*** Begin section ***

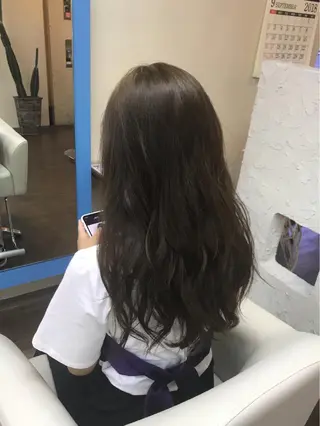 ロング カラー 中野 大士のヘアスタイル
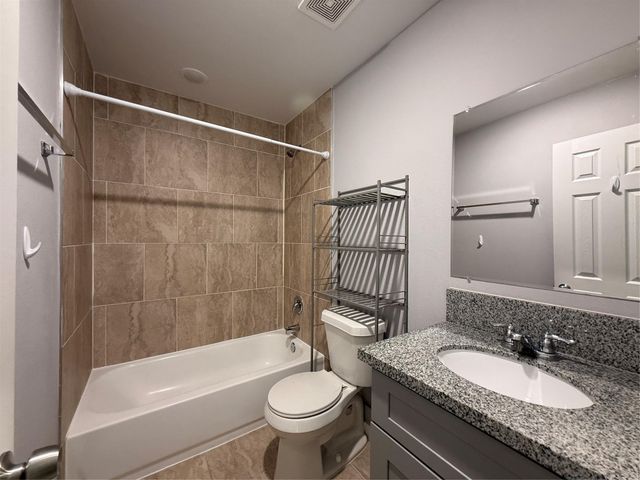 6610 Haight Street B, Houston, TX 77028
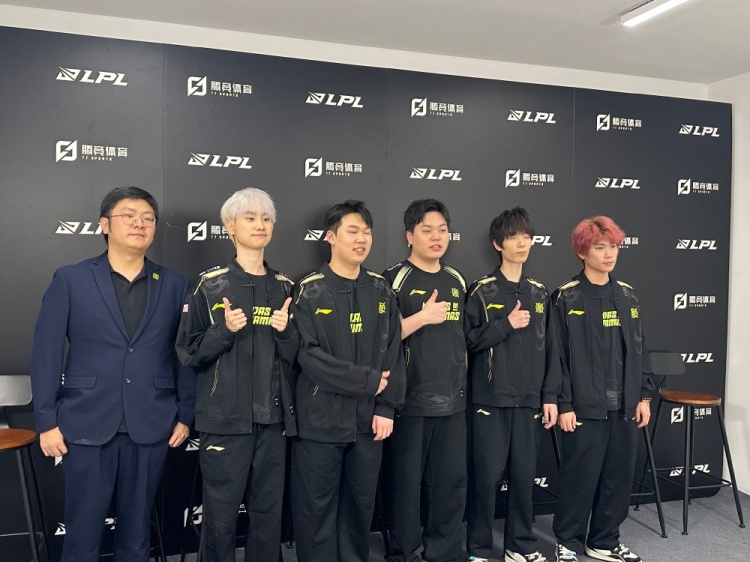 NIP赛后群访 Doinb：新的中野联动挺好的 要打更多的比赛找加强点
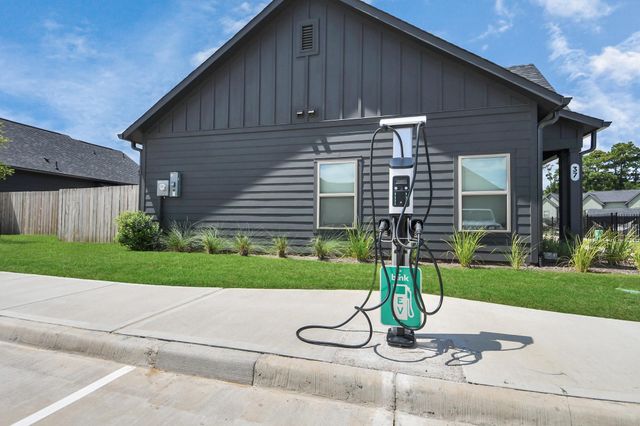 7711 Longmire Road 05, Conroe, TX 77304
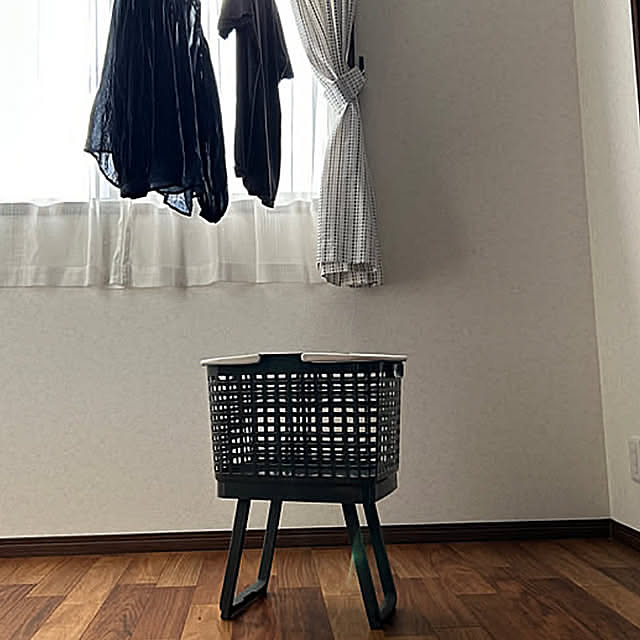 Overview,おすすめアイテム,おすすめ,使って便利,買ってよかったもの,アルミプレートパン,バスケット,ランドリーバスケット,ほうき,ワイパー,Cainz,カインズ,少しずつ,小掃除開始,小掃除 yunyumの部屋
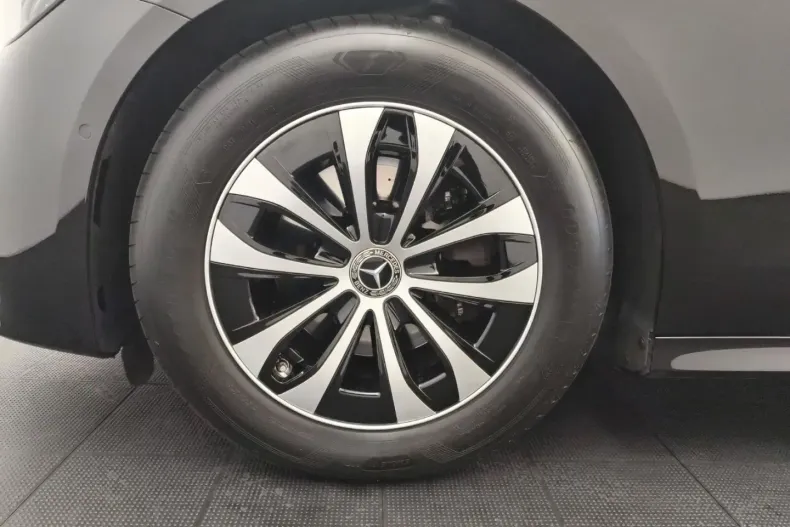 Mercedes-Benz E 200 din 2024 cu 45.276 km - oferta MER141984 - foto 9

*** End section ***

PROBLEM REQUIREMENTS:
Transcribe the listing above in full. Pictures are not part of the copy.

RESPONSE:
 ロング カラー 中野 大士のヘアスタイル
 6610 Haight Street B, Houston, TX 77028
 NIP赛后群访 Doinb：新的中野联动挺好的 要打更多的比赛找加强点
 7711 Longmire Road 05, Conroe, TX 77304
 Overview,おすすめアイテム,おすすめ,使って便利,買ってよかったもの,アルミプレートパン,バスケット,ランドリーバスケット,ほうき,ワイパー,Cainz,カインズ,少しずつ,小掃除開始,小掃除 yunyumの部屋
 Mercedes-Benz E 200 din 2024 cu 45.276 km - oferta MER141984 - foto 9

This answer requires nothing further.